# Computing word2vec embeddings in pytorch using the Continuous Bag of Words (CBOW) method

In this notebook we demonstrate how to compute word2vec embeddings in pytorch. Word2vec embeddings have two main variants, SkipGram and CBOW (continuous bag of words). Both can be implemented straightforwardly in pytorch, but CBOW is a simpler architecture, so we demonstrate that here. This notebook is based on https://pytorch.org/tutorials/beginner/nlp/word_embeddings_tutorial.html and https://gist.github.com/GavinXing/9954ea846072e115bb07d9758892382c

In CBOW, the task is: Given a collection of context words, guess the target word with which they appeared. Say we have the sentence

    "I do not like green eggs and ham"
    
Say we remove stop words, and we are left with

   "I like green eggs ham"
   
If we use a context window of 1 word on either side, then here's how the task goes:

* My context words are "I", "green". Guess the target. (And the correct answer would be "like".)
* My context words are "like", "eggs". Guess the target. (And the correct answer would be "green".)

and so on.

In CBOW, the model predicts the target as follows:

Assume that every context vector has some current embedding.

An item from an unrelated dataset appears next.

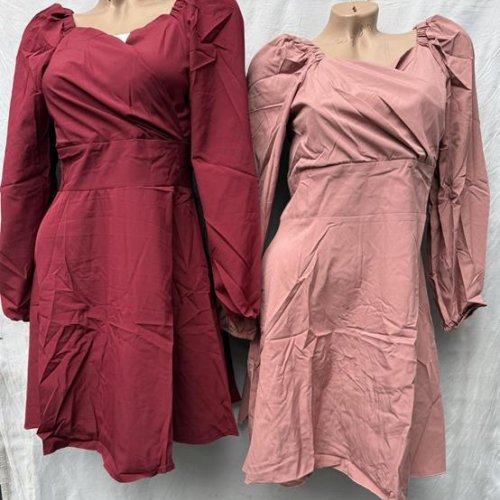 Платье Shoptime (42-48) S93 red (лето) Shoptime S93 red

We first sum up the current vectors/embeddings of the context words to make an average vector -- so if "I" has the vector <1,2,3> and "green" has the vector <4,5,6>, their sum is <5,7,9>. Then we divide this vector (that is, we divide every dimension of this vector) by the number of context items. 

Call this vector $\mathbf{x}$. We need to map $\mathbf{x}$ to a vector $\mathbf{\hat y}$ of values, one for each word in the vocabulary. We want to train the model so that $\mathbf{\hat y}$ will have the highest value for the actual target word. To get there, we first run $\mathbf x$ through a linear layer with learned weigths $W$: 

$\mathbf{h} = W\mathbf{x}$. 

The output is a vector $\mathbf{h}$, with as many dimensions as there are words in the vocabulary. 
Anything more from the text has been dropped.